RECORDS FOR THIS EXERCISE START

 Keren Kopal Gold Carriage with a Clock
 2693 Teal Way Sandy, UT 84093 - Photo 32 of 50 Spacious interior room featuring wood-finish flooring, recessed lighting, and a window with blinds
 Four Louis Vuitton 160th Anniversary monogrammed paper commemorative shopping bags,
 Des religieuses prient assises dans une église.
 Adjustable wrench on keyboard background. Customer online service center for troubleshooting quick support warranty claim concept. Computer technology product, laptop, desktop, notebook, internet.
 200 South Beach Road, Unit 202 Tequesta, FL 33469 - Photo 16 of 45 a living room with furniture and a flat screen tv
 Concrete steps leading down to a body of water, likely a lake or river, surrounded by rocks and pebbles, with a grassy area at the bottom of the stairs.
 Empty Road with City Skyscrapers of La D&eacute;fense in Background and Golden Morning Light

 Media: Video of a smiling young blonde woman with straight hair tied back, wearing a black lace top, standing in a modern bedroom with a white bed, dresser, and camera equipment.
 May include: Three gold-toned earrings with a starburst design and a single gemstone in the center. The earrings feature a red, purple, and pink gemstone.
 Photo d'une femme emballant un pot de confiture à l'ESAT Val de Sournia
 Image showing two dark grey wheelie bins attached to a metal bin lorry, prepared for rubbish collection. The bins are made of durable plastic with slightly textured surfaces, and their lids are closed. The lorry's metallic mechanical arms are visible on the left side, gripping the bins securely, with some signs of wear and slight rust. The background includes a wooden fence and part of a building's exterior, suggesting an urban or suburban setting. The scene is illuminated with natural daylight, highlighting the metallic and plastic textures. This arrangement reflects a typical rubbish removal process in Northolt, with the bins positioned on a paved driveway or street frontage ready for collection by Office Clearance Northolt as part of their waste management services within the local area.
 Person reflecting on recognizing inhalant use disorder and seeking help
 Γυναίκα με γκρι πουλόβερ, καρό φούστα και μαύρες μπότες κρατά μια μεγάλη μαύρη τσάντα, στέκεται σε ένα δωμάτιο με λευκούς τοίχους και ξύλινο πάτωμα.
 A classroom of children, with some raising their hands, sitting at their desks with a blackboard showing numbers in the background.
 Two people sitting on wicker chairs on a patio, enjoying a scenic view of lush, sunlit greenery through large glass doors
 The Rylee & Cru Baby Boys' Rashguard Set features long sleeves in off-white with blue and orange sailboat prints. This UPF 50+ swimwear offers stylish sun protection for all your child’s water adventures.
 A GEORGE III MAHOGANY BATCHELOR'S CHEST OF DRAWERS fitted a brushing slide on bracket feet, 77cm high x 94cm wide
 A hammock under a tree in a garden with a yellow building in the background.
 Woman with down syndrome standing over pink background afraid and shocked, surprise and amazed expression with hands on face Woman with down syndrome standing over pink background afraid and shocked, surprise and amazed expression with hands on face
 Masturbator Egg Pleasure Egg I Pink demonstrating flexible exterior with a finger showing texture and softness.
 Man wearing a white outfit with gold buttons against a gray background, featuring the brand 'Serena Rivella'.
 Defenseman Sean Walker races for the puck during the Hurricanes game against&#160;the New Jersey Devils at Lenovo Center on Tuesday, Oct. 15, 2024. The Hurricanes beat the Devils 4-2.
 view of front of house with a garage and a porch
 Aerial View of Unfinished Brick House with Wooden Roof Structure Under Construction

RECORDS FOR THIS EXERCISE END

PROBLEM: Look through the data above for the word "water". Report each line where it occurs.

ANSWER SECTION:
 Concrete steps leading down to a body of water, likely a lake or river, surrounded by rocks and pebbles, with a grassy area at the bottom of the stairs.
 The Rylee & Cru Baby Boys' Rashguard Set features long sleeves in off-white with blue and orange sailboat prints. This UPF 50+ swimwear offers stylish sun protection for all your child’s water adventures.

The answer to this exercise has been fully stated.